* [Task] Print this span of the material below exactly: the line with "VIRMO SoftBloom 2-Piece", the line with "Happy Halloween Cupcake", and every line between them, but nothing else.

* [Study material]
++++++++++++++++++++

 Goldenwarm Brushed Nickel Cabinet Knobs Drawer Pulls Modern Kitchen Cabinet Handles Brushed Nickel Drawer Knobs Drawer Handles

++++++++++++++++++++

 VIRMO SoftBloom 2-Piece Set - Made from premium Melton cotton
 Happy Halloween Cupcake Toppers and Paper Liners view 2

++++++++++++++++++++

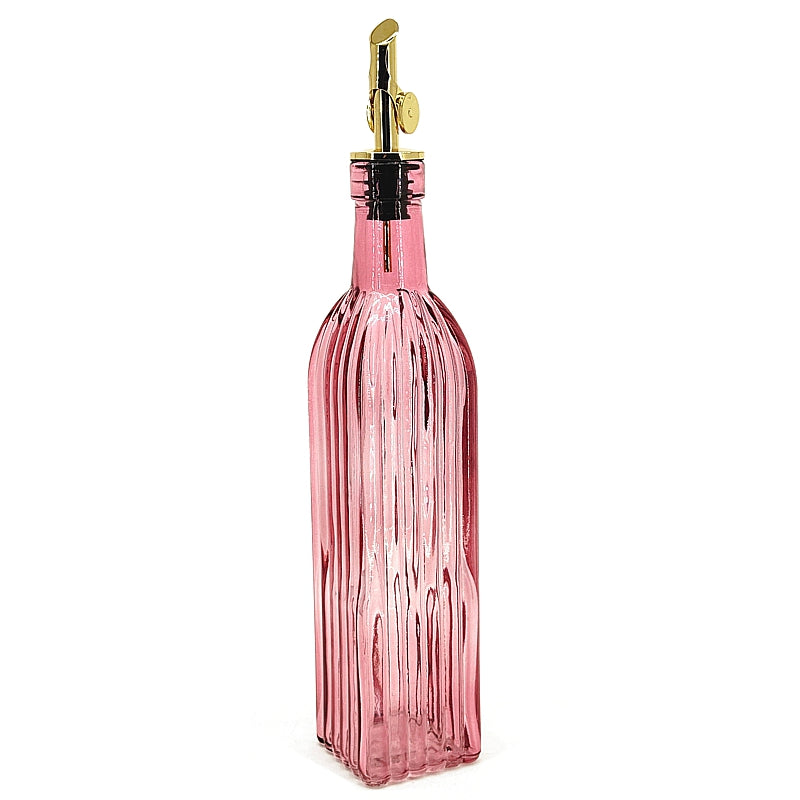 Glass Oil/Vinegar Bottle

++++++++++++++++++++

* [Answer section]
 VIRMO SoftBloom 2-Piece Set - Made from premium Melton cotton
 Happy Halloween Cupcake Toppers and Paper Liners view 2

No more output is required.